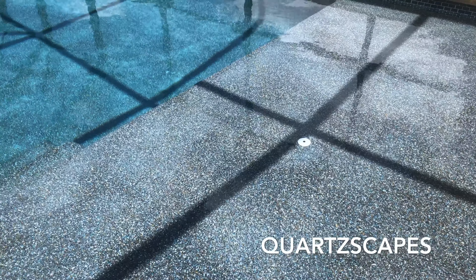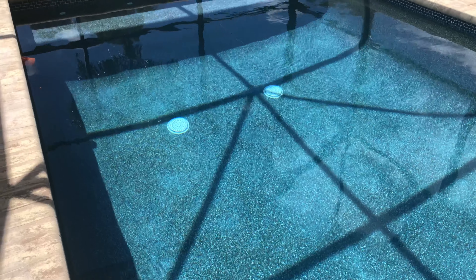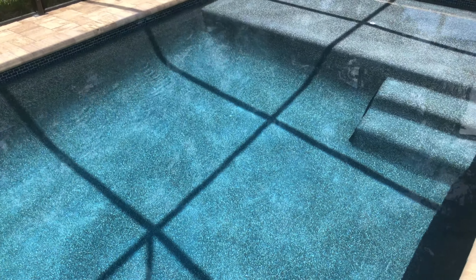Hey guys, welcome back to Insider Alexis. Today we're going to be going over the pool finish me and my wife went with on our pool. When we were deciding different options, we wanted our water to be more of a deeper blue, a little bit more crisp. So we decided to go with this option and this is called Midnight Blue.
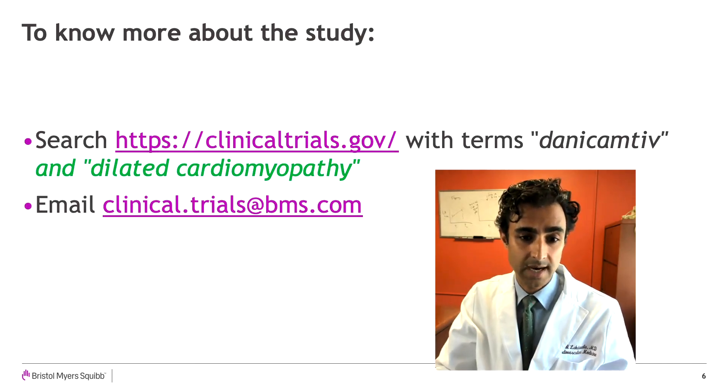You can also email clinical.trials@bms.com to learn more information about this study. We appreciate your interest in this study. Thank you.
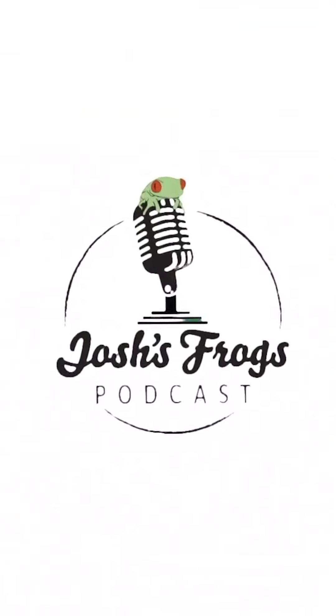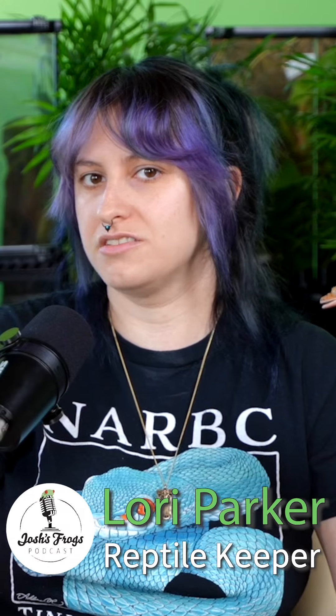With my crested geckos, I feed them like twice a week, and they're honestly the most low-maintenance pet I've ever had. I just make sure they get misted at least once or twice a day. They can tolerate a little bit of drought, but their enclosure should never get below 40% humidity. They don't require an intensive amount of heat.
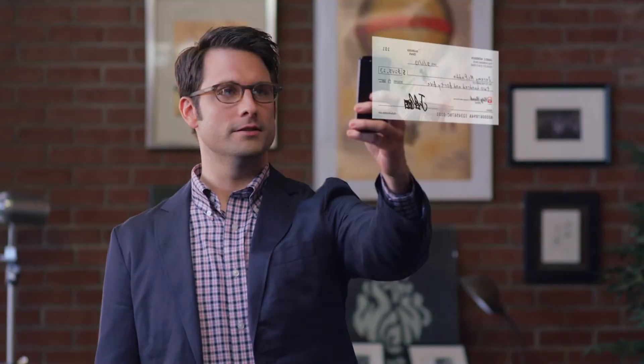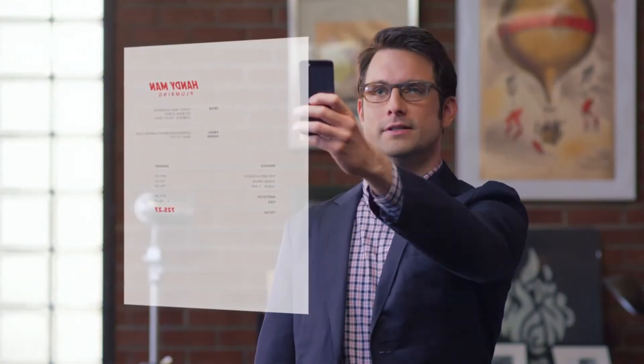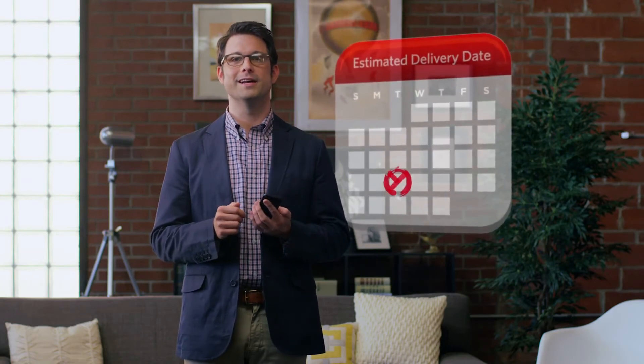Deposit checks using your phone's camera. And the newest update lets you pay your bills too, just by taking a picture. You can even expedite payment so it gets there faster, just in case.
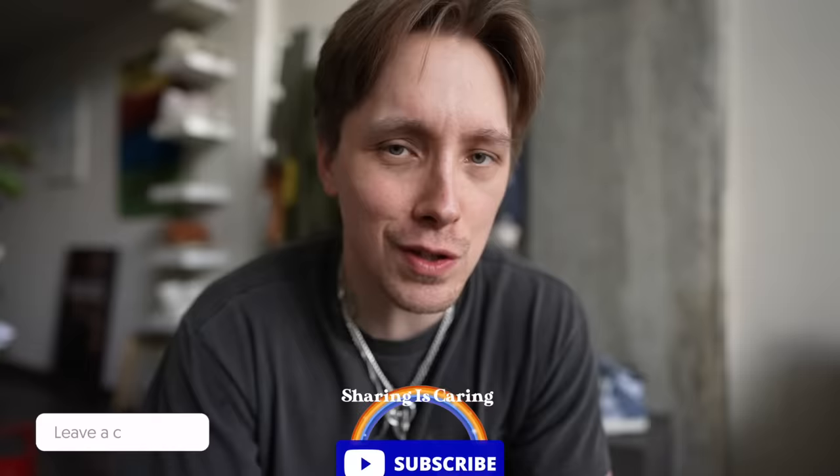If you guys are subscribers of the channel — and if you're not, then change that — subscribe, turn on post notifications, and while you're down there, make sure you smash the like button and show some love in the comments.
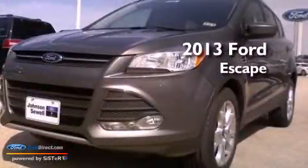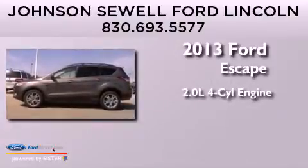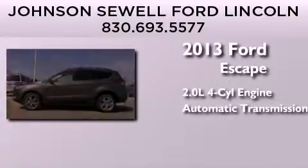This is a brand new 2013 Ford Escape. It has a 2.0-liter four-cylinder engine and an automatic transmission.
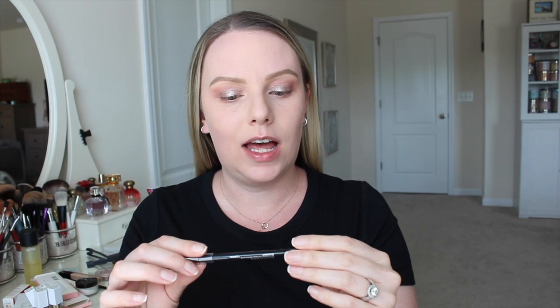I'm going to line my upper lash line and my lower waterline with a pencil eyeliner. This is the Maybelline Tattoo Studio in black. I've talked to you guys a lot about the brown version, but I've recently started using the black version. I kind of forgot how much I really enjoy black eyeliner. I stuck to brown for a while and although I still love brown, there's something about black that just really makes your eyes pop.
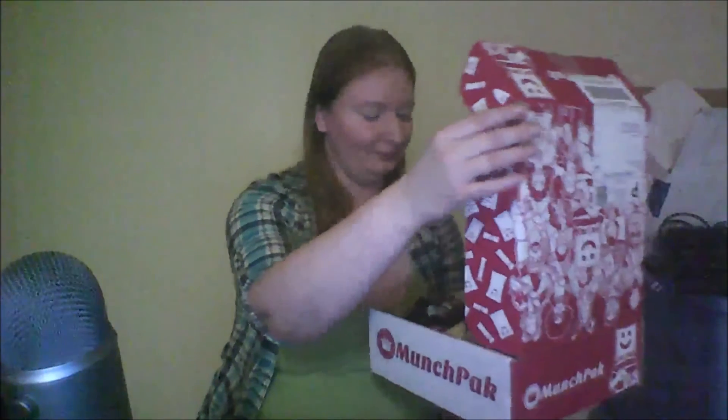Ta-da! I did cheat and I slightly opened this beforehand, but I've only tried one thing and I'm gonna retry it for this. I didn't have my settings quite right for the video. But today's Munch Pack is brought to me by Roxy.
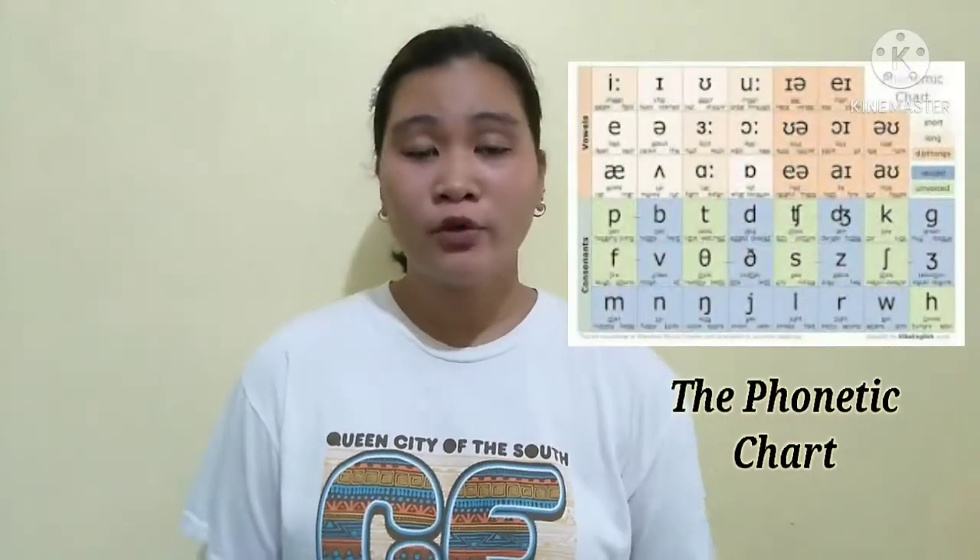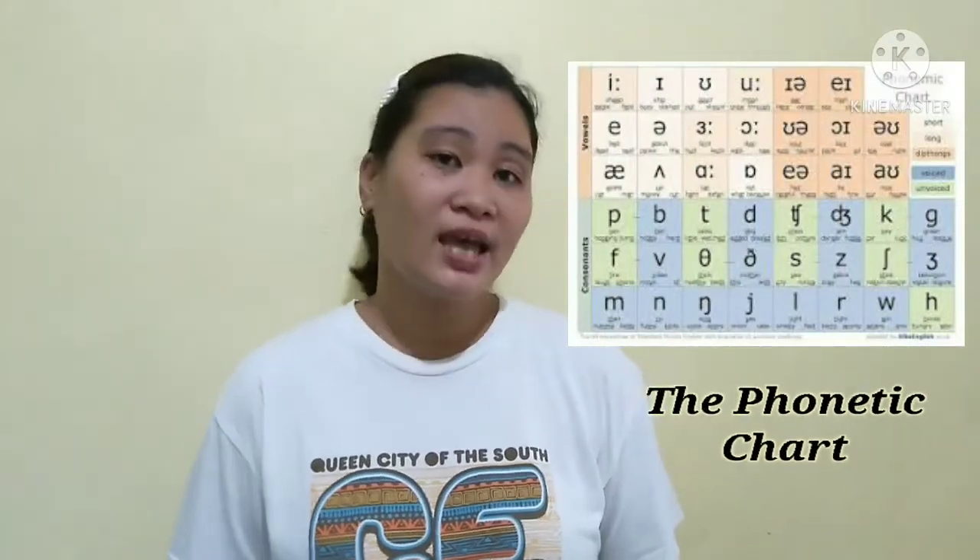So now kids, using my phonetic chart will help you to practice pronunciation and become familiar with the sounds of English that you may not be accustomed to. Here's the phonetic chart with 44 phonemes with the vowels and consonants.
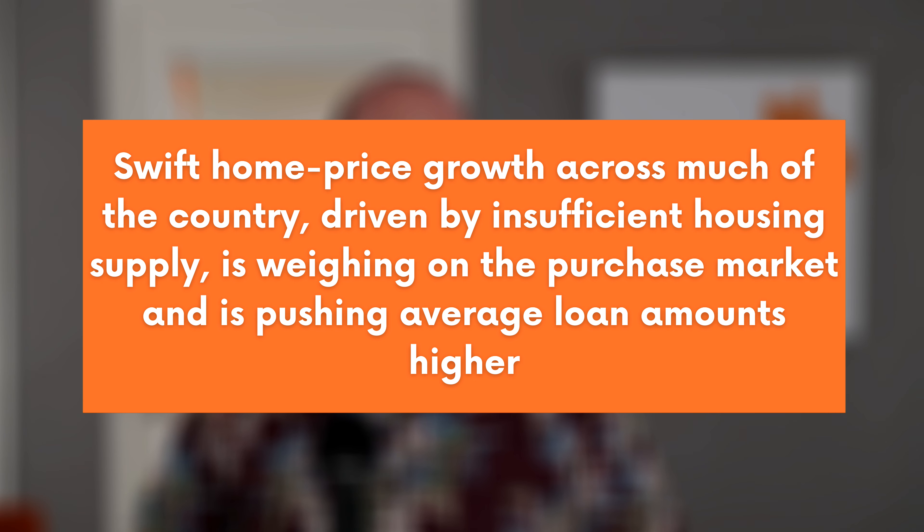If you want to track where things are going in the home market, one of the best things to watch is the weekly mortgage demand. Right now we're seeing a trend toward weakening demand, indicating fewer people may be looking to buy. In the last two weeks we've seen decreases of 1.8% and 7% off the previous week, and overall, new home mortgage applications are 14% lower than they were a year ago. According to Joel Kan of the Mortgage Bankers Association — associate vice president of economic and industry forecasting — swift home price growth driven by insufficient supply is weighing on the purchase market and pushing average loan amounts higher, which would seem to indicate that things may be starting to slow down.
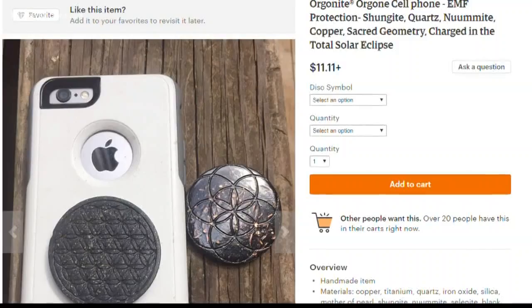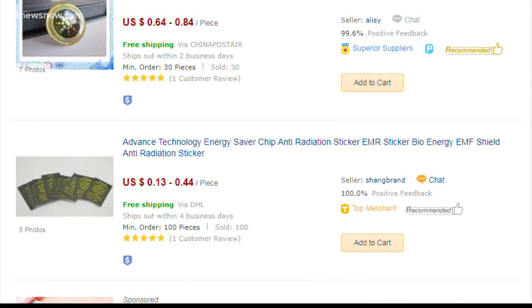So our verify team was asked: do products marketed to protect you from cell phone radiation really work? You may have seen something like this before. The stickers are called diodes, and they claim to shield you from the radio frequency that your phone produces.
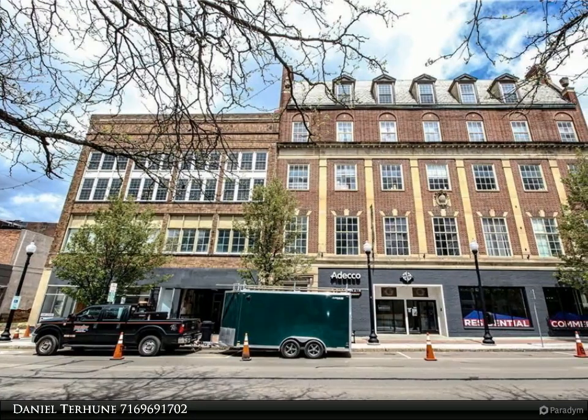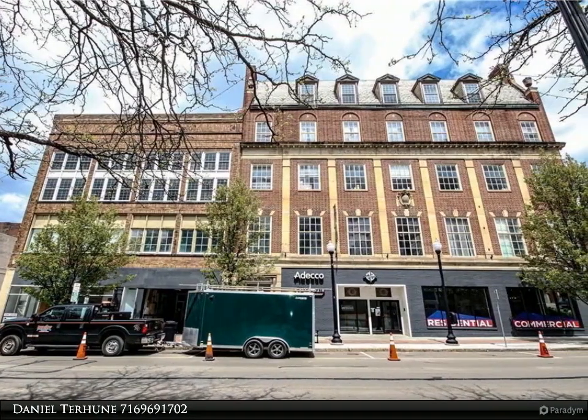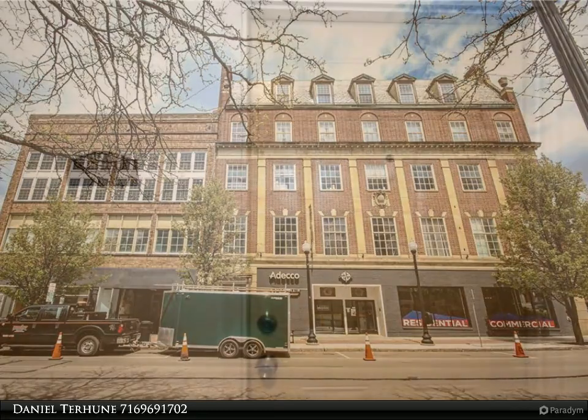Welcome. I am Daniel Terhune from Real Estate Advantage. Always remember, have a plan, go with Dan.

**DIRECTIONS:** After locating "If you guys" and "This is a brand" in the records above, return exactly the line holding each one and every line between them; leave out the pictures.

**RESULT:**
If you guys are subscribers of the channel — and if you're not, then change that — subscribe, turn on post notifications, and while you're down there, make sure you smash the like button and show some love in the comments.
This is a brand new 2013 Ford Escape. It has a 2.0-liter four-cylinder engine and an automatic transmission.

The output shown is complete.